How to complete this task | For the data that follows, print the line with "10628 W 33rd", the line with "A steaming bowl", and all lines between them, exactly as they stand. Omit pictures and add nothing.

Dataset entries |
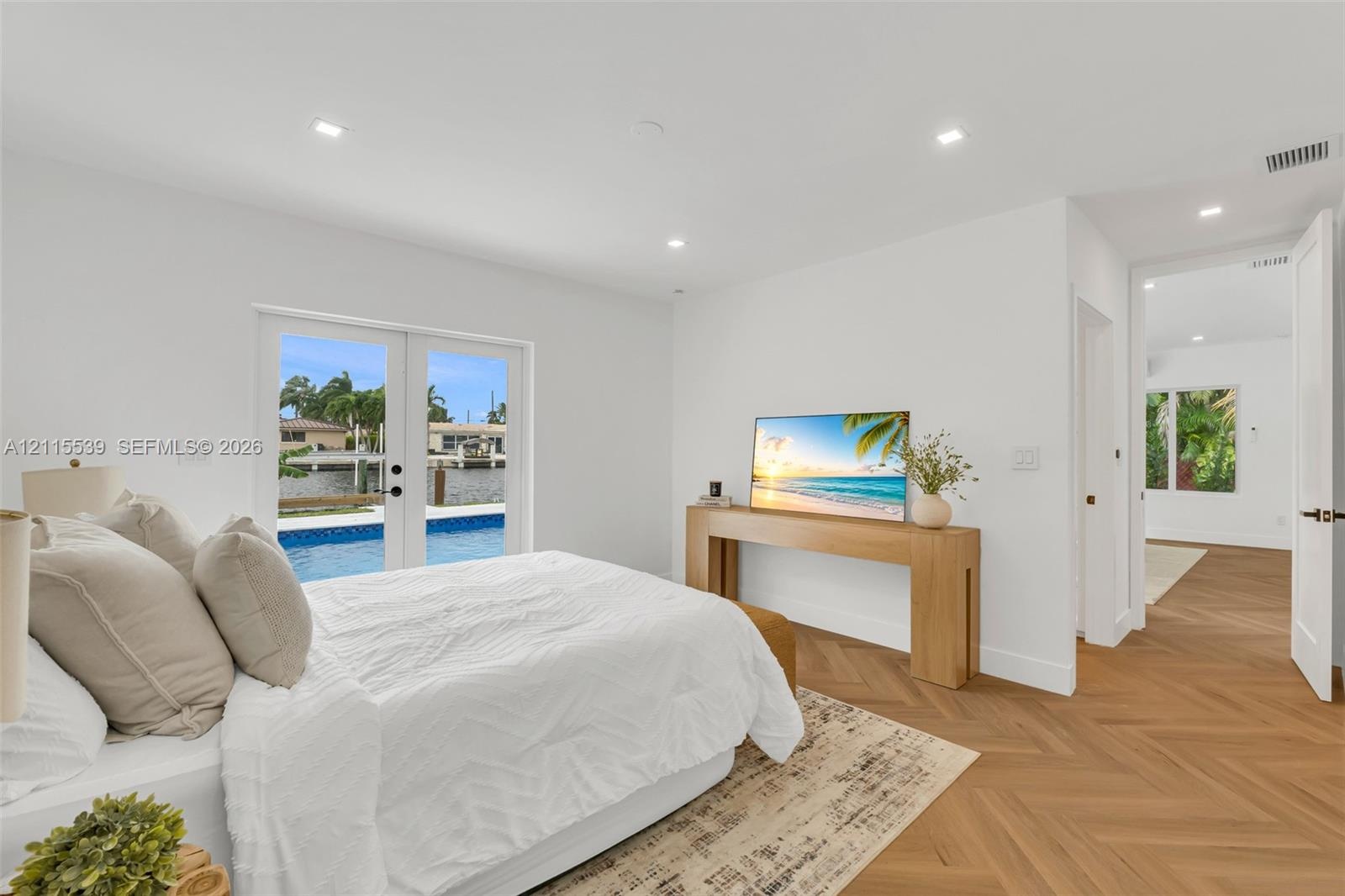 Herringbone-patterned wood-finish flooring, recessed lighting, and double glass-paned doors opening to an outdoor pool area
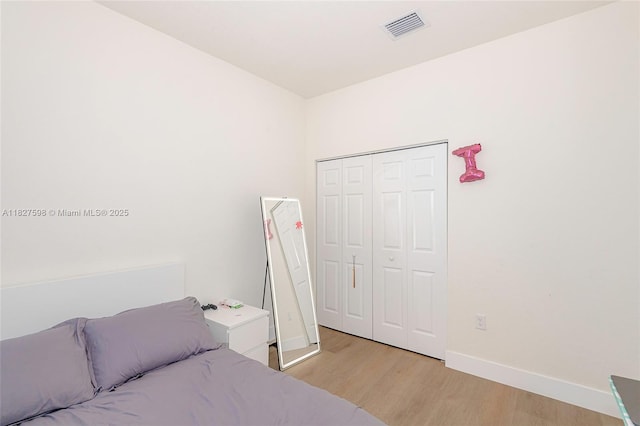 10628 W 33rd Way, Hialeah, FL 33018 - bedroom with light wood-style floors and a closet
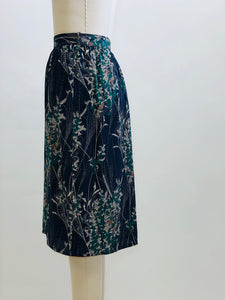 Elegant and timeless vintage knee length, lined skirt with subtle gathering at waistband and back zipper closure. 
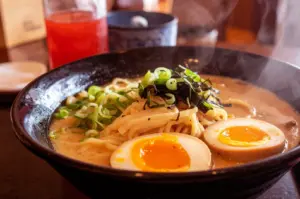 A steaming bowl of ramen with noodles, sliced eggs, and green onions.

==

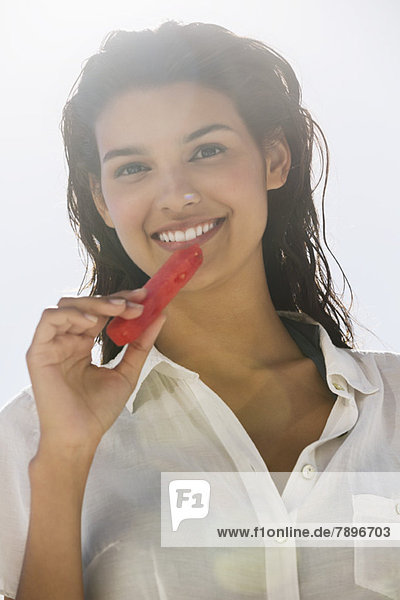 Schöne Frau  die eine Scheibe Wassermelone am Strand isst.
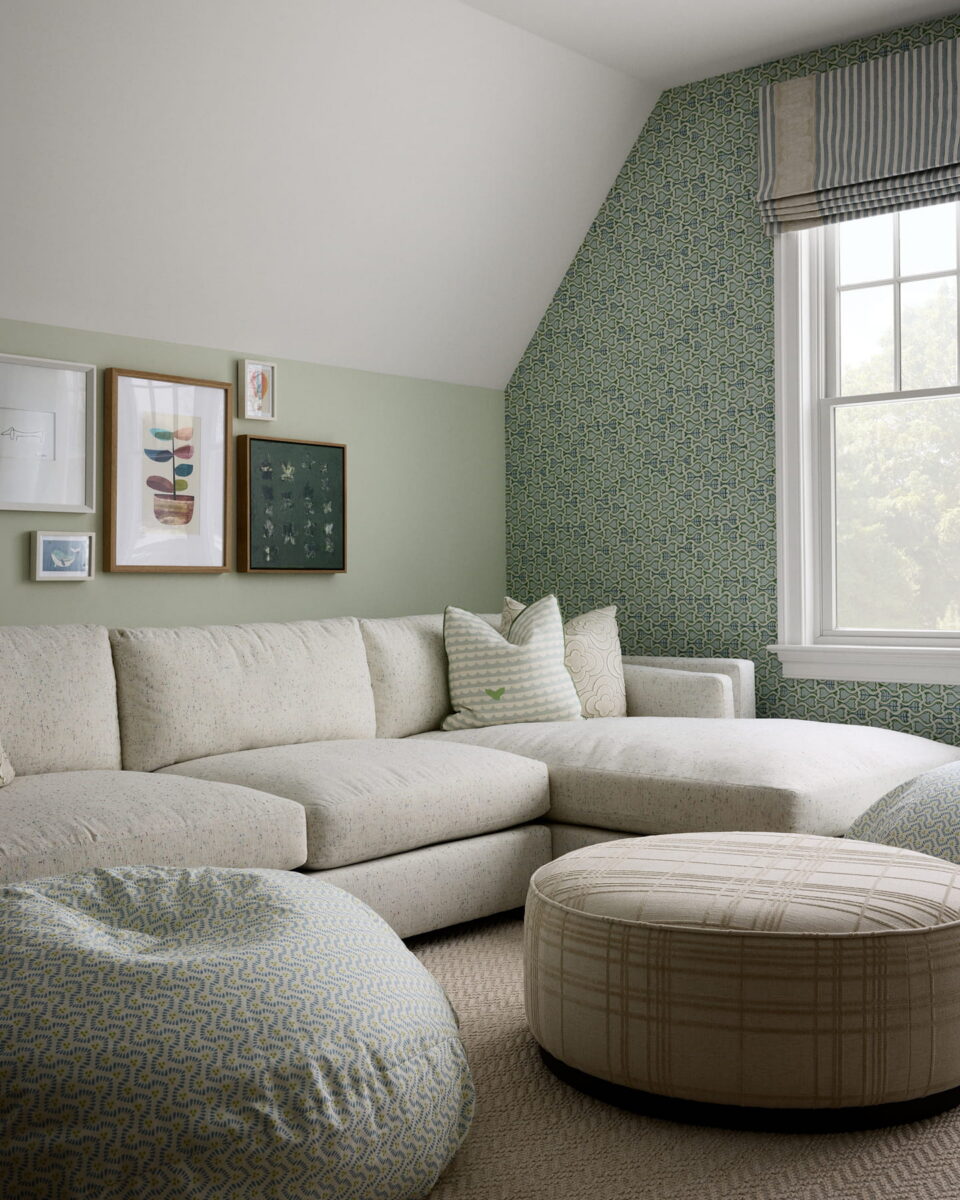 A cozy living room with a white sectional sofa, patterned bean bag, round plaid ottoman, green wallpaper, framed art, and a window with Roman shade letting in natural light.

Output for this task |
 10628 W 33rd Way, Hialeah, FL 33018 - bedroom with light wood-style floors and a closet
 Elegant and timeless vintage knee length, lined skirt with subtle gathering at waistband and back zipper closure. 
 A steaming bowl of ramen with noodles, sliced eggs, and green onions.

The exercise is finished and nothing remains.